> _EXERCISE OBJECTIVE_: The entries below contain a stretch that opens with the line containing "Family of six" and closes with the line containing "3 July 2004;"; set down that stretch exactly, both ends included, and nothing else.

━━ ENTRIES SHOWN ━━

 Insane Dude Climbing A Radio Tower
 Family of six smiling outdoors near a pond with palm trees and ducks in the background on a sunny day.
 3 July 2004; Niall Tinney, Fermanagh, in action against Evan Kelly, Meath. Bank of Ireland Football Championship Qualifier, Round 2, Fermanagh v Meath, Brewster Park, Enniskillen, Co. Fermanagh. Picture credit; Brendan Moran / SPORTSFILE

━━━
━━ ENTRIES SHOWN ━━

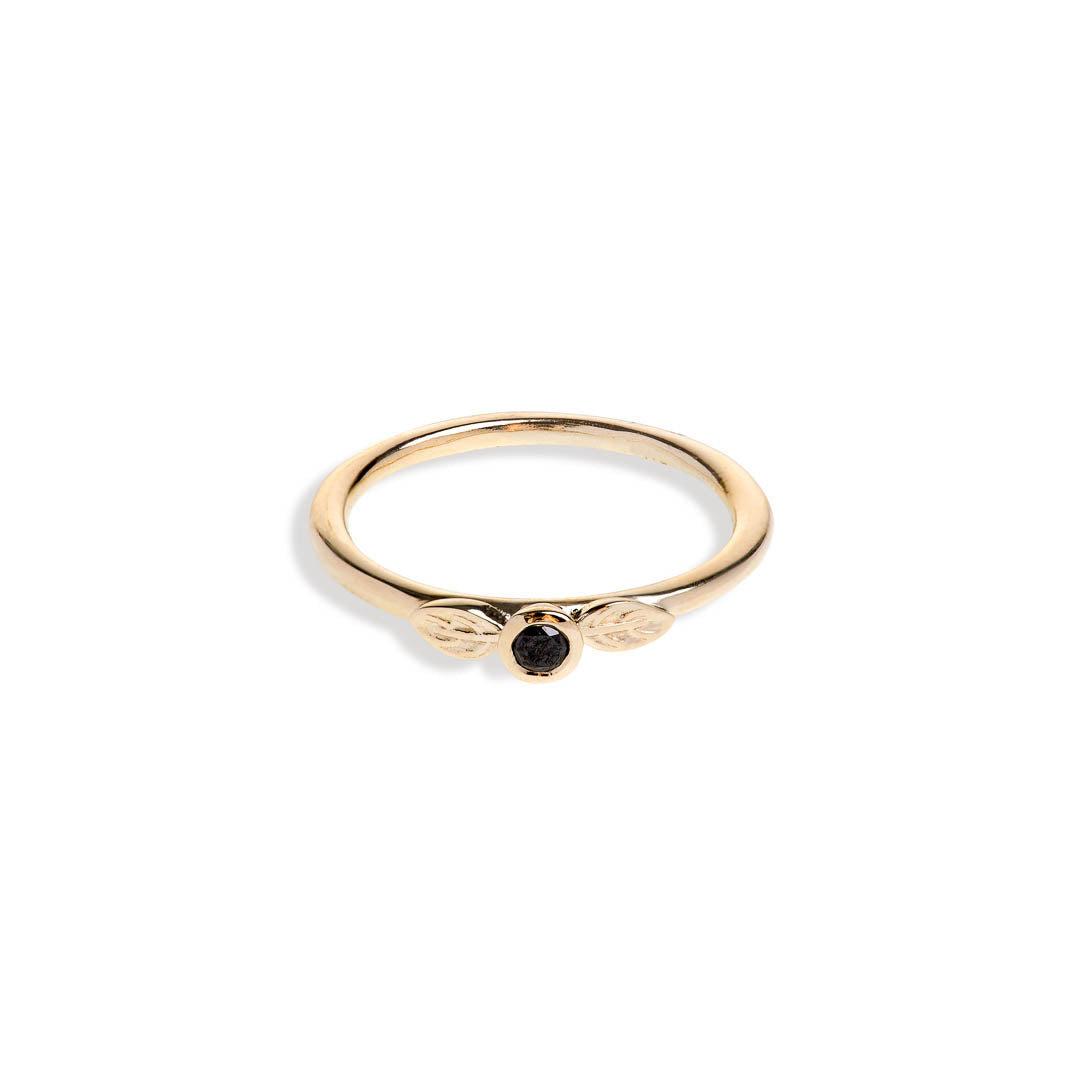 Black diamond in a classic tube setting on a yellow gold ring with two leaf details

━━━

> _FINAL ANSWER_:
 Family of six smiling outdoors near a pond with palm trees and ducks in the background on a sunny day.
 3 July 2004; Niall Tinney, Fermanagh, in action against Evan Kelly, Meath. Bank of Ireland Football Championship Qualifier, Round 2, Fermanagh v Meath, Brewster Park, Enniskillen, Co. Fermanagh. Picture credit; Brendan Moran / SPORTSFILE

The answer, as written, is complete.